My dad sat down in my bedroom and said, “Son, I need to talk to you.” Quickly I began to think through the day. “What have I done?” I thought. Dad didn’t come and talk to me in such somber tones unless I was in trouble.
As it turned out, it was worse than if I had done something wrong.
Dad was not there to punish me, but to tell me about a decision he and mom had made. He said, “We have decided that you are going to take piano lessons.”
Keep in mind that he was talking to an 8-year-old boy. The only thing that could have been worse would have been … actually, I couldn’t think of anything worse.
“But, Dad, I don’t want to take piano lessons,” I replied as calmly as I could.
He said to me, “You’ll notice that I didn’t say I would like for you to take lessons. I said that you are going to take lessons.”
I repeated myself, “I don’t want to take piano lessons.”
His reply to that was, “Your objection has been duly noted.
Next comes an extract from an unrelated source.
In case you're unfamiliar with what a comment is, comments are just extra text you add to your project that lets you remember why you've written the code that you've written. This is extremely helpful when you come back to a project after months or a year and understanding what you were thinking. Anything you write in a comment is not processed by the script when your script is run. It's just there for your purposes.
You start next week. And Mom says supper is ready.”
I could not believe my ears. I was going to be forced to do the unimaginable. I was a baseball player, a fisherman — all boy all the time. Boys didn’t play the piano!
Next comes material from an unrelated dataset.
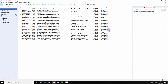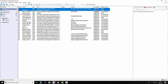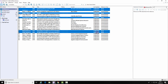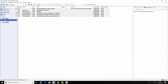Now you can go to your references and select all the references you wish to add to your group. Simply select them and drag and drop. Selected references are now in your group. That is the end of this demonstration.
How could my parents be so cruel? And why did I not have a choice in the matter? What was I going to do? Could I report them to the police? Could I find another home with new parents?
To make a long story short, I took piano lessons for more than seven years. I still sit down and play from time to time. If you listen carefully, you can even recognize Floyd Kramer’s “Last Date” when I play it.
I’m glad my parents did not ask my opinion about the matter. They had a plan that involved me doing different things for my own good, even if I did not want to. Dad was not interested in being my best friend that day. He was too busy being my father.
The Bible says, “Train up a child in the way he should go…” There are many applications to that verse, but this one is clear. It is the task of the parent to be the parent.
We are to teach and train our children. We have wisdom they do not have. We have knowledge and experience they do not have.
The Bible does say, “Fathers, do not exasperate your children…” But we must know this: To guide our children in the right ways is not to exasperate them. Parents may have to make their children do things they do not want to do. That’s okay. That is God’s plan. That’s why he made you a parent.
Do what is best for your child, even over all objections. All of you will be glad that you did.